The far right organization's leader, Lutz Bachmann, has built a considerable following since October when he started with a protest against building refugee centers in Dresden. On Monday he shouted to a cheering crowd: "This is not a land of immigration."
Demonstrations of this kind have spread throughout the country this year to the point that anti-extremist activists at the Berlin Against Nazis organization have created a smartphone app to track them, called "The Anti-Nazi app."
"The people who participate in these demonstrations do not consider themselves extremists, but rather ordinary middle class citizens," German psychologist Oliver Decker of the University of Leipzig said in an interview on Monday with the German business newspaper Wirtschaftswoche. "They see Islam as a danger and a target, as there is considerable fear of the country's immigration policies."
Decker is one of the authors of a study by his university released in June that actually shows far right extremist attitudes have declined across the country. "However, the downside is that certain groups of immigrants and migrants are more clearly discriminated against," Decker explained.
One of these groups is Muslim immigrants. "In recent years, Islamophobia as a modern form of xenophobia has become increasingly important as a field of action for the right-wing extremist scene," the German Office for the Protection of the Constitution said in a statement on its website. "Right-wing extremists try to arouse the population's fear of foreign domination."
Bachmann is a 41-year-old former advertising salesman. He told the German newspaper Bild-Zeitung that he is not against Islam itself, but rather the "Islamization" of his country. Nonetheless, there has been a 20.4 percent increase in attacks on foreigners in 2014, according to the German Interior Ministry's announcement on June 4.
There have been a number of counter-demonstrations spurred by anti-racism organizations like the one in Berlin. About 4,500 people marched through Dresden on Monday, carrying banners reading "Nazi-free."
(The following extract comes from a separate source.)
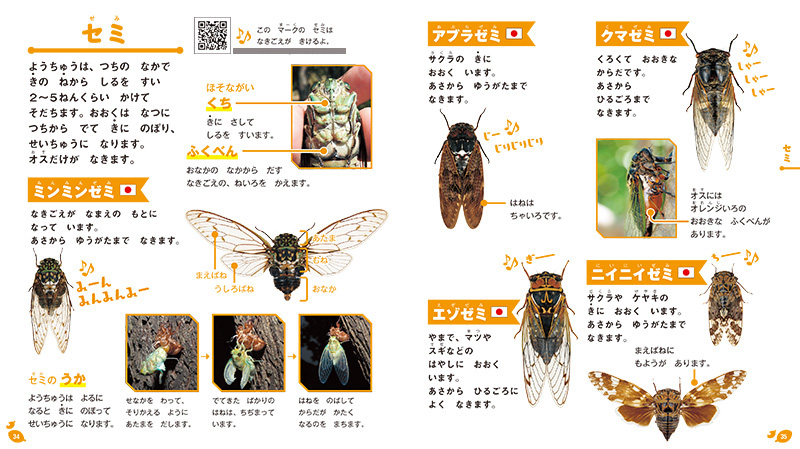 中国の昆虫文献を調べる重要な文献目録集4冊セット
Similar demonstrations PEGIDA took place in Munich with at least 12,000 people participating. In Bonn, several hundreds of counter-demonstrators faced off with rallying members of anti-immigration group, Bonn Against Islamism, prompting police intervention.
Underlying this rise of the far right is a basic need, political scientist Albrecht von Lucke said. "These people feel that no one pays attention to them, that they are not heard," he said.